Pictures do not belong in the copy. Write out exactly the lines from the one containing "14G Pink Blue" through the end of the data.

Brief descriptive captions:
######

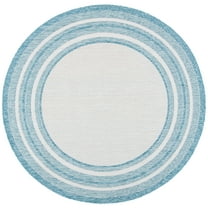 SAFAVIEH Courtyard Ercan Bordered Indoor/Outdoor Area Rug, Ivory/Aqua, 6'7" x 6'7" Round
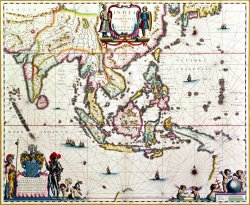 Willem Blaeu Antique map showing Southeast Asia and The East Indies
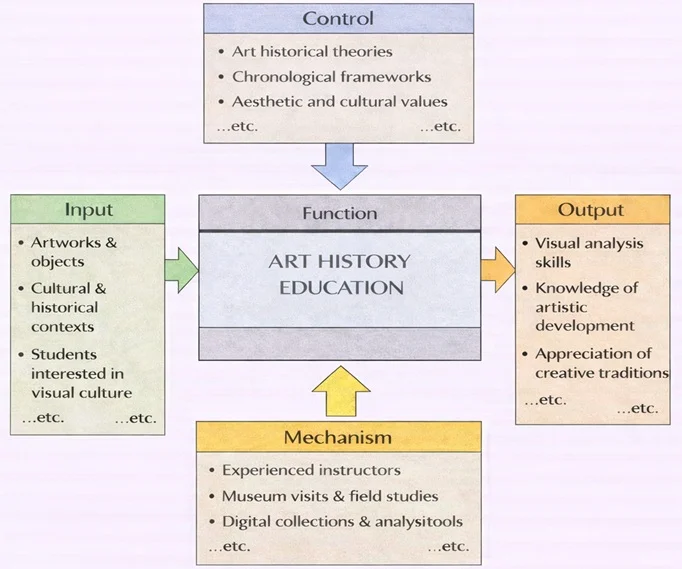IDEF0 diagram of Art History Education showing a central “Function” box with Inputs (artworks and objects, cultural and historical contexts, students interested in visual culture), Controls (art historical theories, chronological frameworks, aesthetic and cultural values), Mechanisms (experienced instructors, museum visits and field studies, digital collections and analysis tools), and Outputs (visual analysis skills, knowledge of artistic development, appreciation of creative traditions).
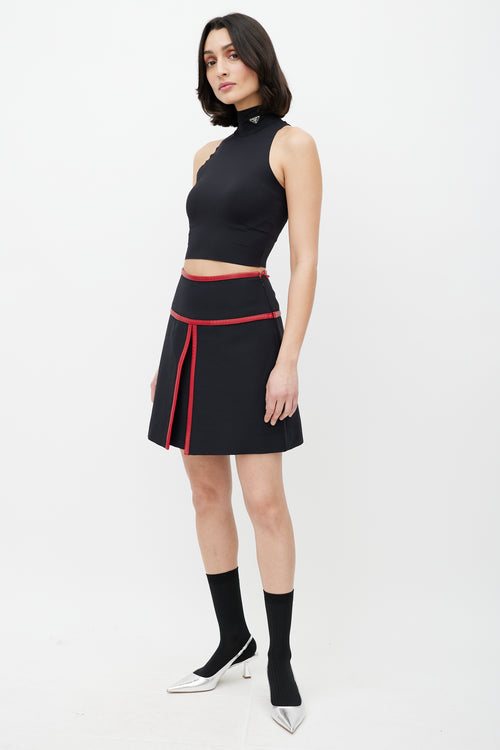 Prada Black & Red Leather Trim Skirt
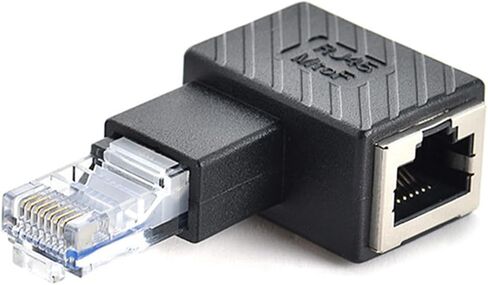 VIMVIP 90 Degree Ethernet LAN RJ45 Male to Female Network Adapter, Right Angle Network Cat5 / Cat5e / Cat6 Extender Adapter for Modem, Router, PC, Network Printer, Laptop, LAN, etc (Left) in Saudi Arabia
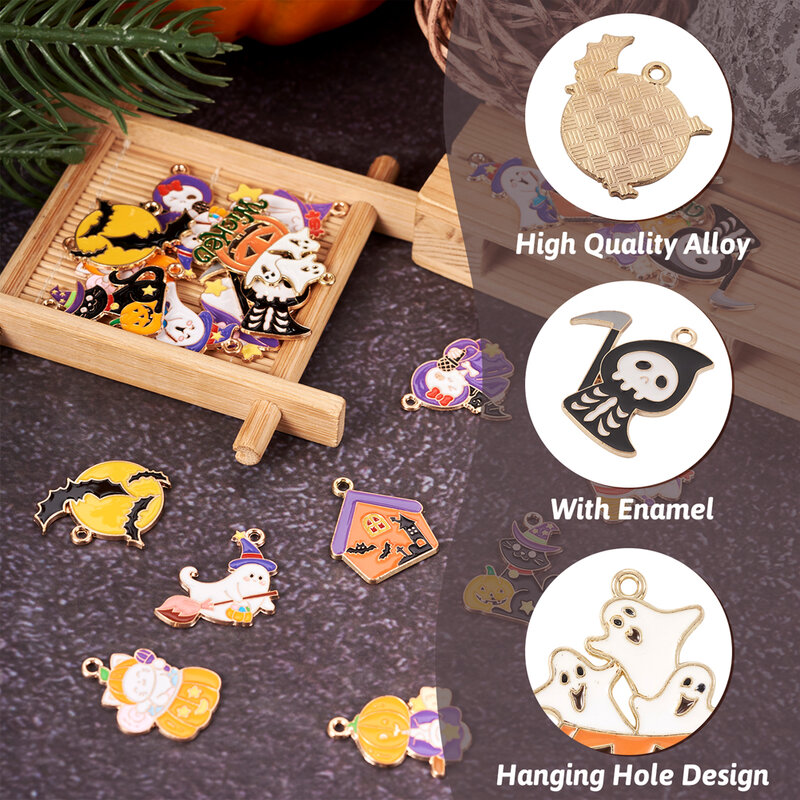 24Pcs Skull Ghost Pumpkin Charms Halloween Theme Alloy Enamel Pendants For Necklace Bracelet Handmade Jewelry Making Findings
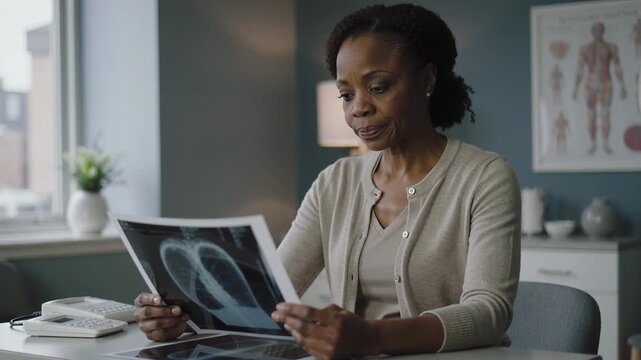 Picking up chest X-ray doctor wearing tan cardigan reviewing scans in exam room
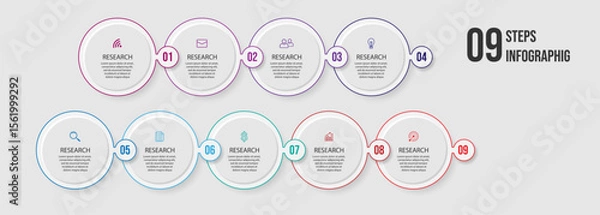 Fototapeta Vector illustration Infographic design template with 9 options, icons and numbers great for your business presentation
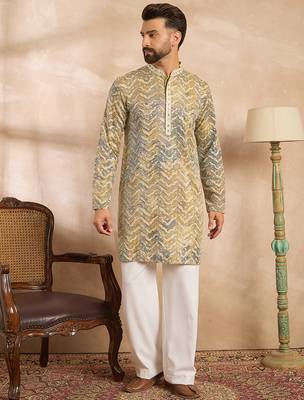Men green silk blend solid embroidered straight kurta sets 2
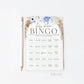 Baby Shower Bingo 50 Pre Filled Unique Printable Game Cards . Presents Gift Opening Bingo Game . Pampas Grass Blue Floral . Instant Download
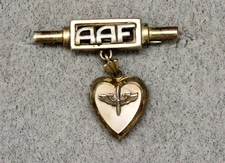 WWII era Sweetheart Locket pin: Army Air Force on mother of pearl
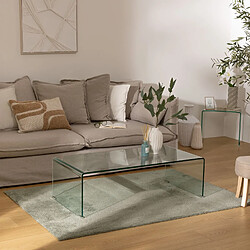 Atmosphera Table basse rectangulaire en verre LENIA - Transparent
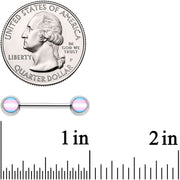 14G Pink Blue White Transgender Pride Barbell Nipple Ring Set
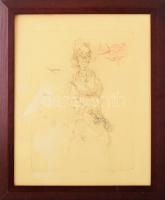 Almásy Aladár (1946-): Régi virágáruslány. Rézkarc, papír, jelzett, számozott (60/100), üvegezett fakeretben, 39×29 cm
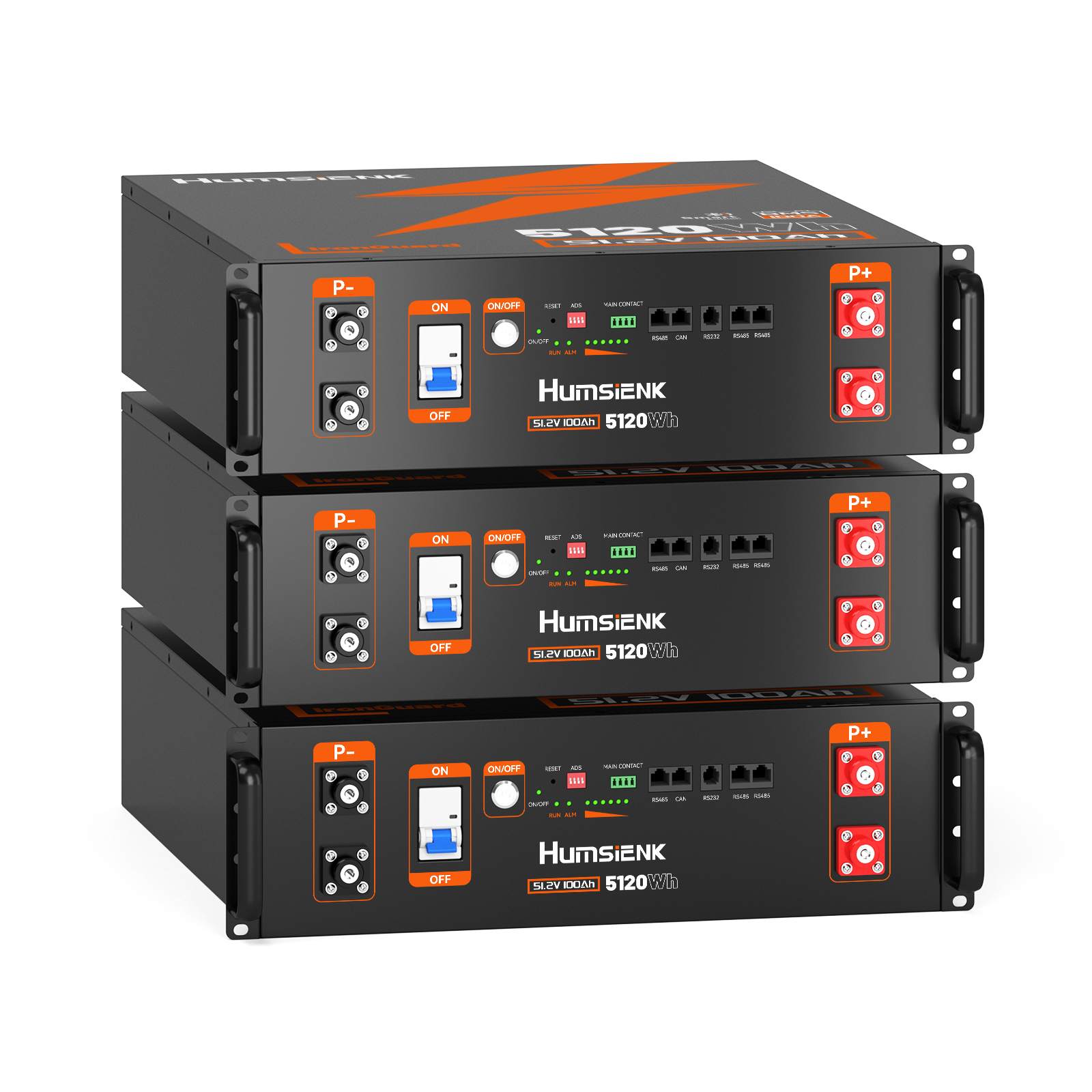 Humsienk_48V_100Ah_Server_Rack_3U_LiFePO4_Battery_3PACK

######

FINAL ANSWER
 14G Pink Blue White Transgender Pride Barbell Nipple Ring Set
 Almásy Aladár (1946-): Régi virágáruslány. Rézkarc, papír, jelzett, számozott (60/100), üvegezett fakeretben, 39×29 cm
 Humsienk_48V_100Ah_Server_Rack_3U_LiFePO4_Battery_3PACK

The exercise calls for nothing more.